Jack Tamlin—The Tree Wiseman

Jack Tamlin has been harvesting wild-grown Christmas trees for more than six decades. At age 73, he can still drag up to six 10-foot-tall trees at a time, each weighing 15-20 pounds. PHOTO COURTESY OF JACK TAMLIN.

Jack Tamlin might know more about Christmas trees than does anyone else… even Santa! The Tamlin family began harvesting wild-grown ones commercially since the 1930s, and Jack has run the family business for nearly six decades.
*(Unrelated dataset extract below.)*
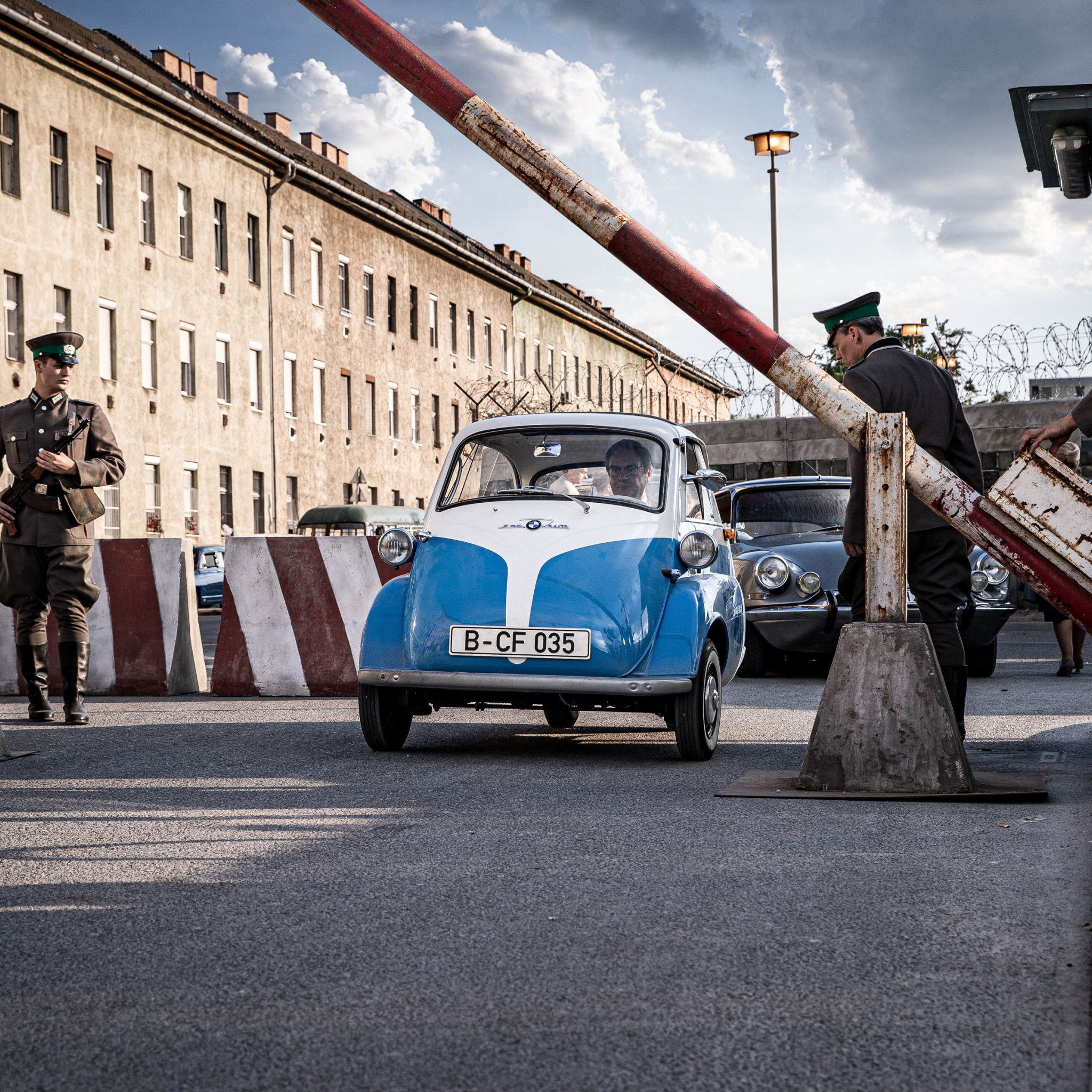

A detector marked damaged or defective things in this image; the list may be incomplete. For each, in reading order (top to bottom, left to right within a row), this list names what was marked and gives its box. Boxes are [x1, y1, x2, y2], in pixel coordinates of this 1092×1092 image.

rusty barrier pole [294, 0, 1092, 633]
Besides changing weather conditions, moving trees in uneven terrain presents weighty challenges. On one occasion, Jack’s father Victor found it necessary to put on his thinking cap up in Flowers Canyon, near Poudre Park. He finally decided to slide trees down a steep slope using a guide wire. Down below, a guy caught and maneuvered each oncoming one to the truck.
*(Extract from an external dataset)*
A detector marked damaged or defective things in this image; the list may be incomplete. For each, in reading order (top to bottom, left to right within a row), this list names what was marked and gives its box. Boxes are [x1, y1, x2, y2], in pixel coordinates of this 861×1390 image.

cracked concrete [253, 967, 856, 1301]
Richard Tamlin (Jack’s uncle) and Richard Salisbury assumed the business from 1956 to 1960. Then Richard handed the saws over to Jack, who’d begun helping his dad at the tender age of five. The little lad had earned five cents for each tree he could carry out of a cutting area.

Now 73, Tamlin can carry up to five or six trees at a time by stacking two to four under each arm and dragging them out by hand. These are six- to ten-foot tall trees weighing 15-20 pounds each. Tamlin’s successful method is to go a ways, get down on his knees to rest and then press on, up to 200 yards. Oh, Tannenbaum!
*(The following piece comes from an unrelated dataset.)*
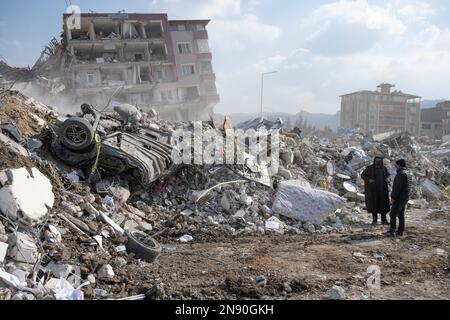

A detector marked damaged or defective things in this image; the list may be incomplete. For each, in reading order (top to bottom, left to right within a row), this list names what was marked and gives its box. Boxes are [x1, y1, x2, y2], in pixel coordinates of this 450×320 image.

damaged apartment building [61, 12, 220, 121]
overturned car [44, 104, 174, 186]
damaged apartment building [342, 82, 422, 135]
Tamlin continued cutting trees on Graves land until 1964, when he moved the harvesting to three privately owned ranches in the North Park/Walden areas. He described some of the tree varieties he offers during the holidays and one of the conservation methods he employs. Lodgepole Pines sport long needles with a slightly yellow tinge and abundant cones. Sub-Alpine Firs have short, plump needles ranging from silvery-blue to light green to blue-green.

Even after cut, nine out of 10 Sub-Alpines will actually put out new growth when kept watered inside the home because warmer temperatures trick the tree into ‘thinking’ it’s spring. Tamlin once set one out on the shady north side of his house two weeks after New Year’s Day and continually put dried bread on it for birds. At the end of April, that tree remained green and hadn’t shed any needles!

Tamlin conserves natural resources and assures regrowth in forested areas. To replenish tree numbers, he always leaves a lower limb attached to the roots; it eventually regenerates into another tree.

Tamlin conserves natural resources and assures regrowth in forested areas by always leaving a lower limb attached to the roots; it eventually regenerates into another tree. PHOTO COURTESY OF JACK TAMLIN.

Jack Tamlin might have cut his teeth on pine bark, but his many other career accomplishments include working with the U.S. Forest Service from 1960-1964 as Crew Boss at the Buckhorn Ranger Station, and creating topographical maps for the U.S. Geological Service in 1959. In 1968 and ’69, he worked for the Forest Service at Stub Creek Ranger Station. He fought more than 300 forest fires across the country, unofficially beginning at age six when he supplied water to firefighters on the lines (now a big no-no until age 18, but a somewhat less enforced taboo in the early 1950s).

Tamlin graduated from a law enforcement academy to serve as a fully commissioned Larimer County Deputy Sheriff from 1972-1978. Larimer County had no formal group designated to assist lost or injured folks in back/high country areas until 1972, said Tamlin. In that year, he and John Englebert started Larimer County Search & Rescue.

Tamlins’ Fresh Cut Trees lot in Laporte has tied down trees onto just about every kind of vehicle. In 2013, a man pedaled up and announced that he’d like to buy a 6-foot tree, provided it could be safely attached to his… bicycle.

In 2013, this Tamlin Tree Lot customer bought and pedaled his 6-foot tree home on his bicycle; the first known “bicycle built for me and my tree”! PHOTO COURTESY OF JACK TAMLIN.

After employees created the first known “bicycle built for me and my tree” by securely lashing the gigantic green beauty to the two-wheeler, off he went with his holiday guest of honor!

Plant nurseries, including the Plantorium in Laporte, Fort Collins Nursery in Fort Collins and Eaton Grove Nursery in Eaton, also annually market his trees. (This year, Fort Collins Nursery’s trees will start at $39.)

A double load of fresh-cut Sub-Alpine Firs and Lodgepole Pines head to Christmas customers in Northern Colorado. PHOTO COURTESY OF JACK TAMLIN

For more than 80 years, Christmas trees have remained a family affair. On busy weekends beginning the Friday after Thanksgiving and the next couple thereafter, 10-15 people work at the Tamlin lot located at A-1 Wildwater, 2801 N. Shields in Laporte. Besides their own fresh-cut Sub-Alpines and Lodgepole Pines, they also carry Fraser Firs and Balsam Firs from Michigan.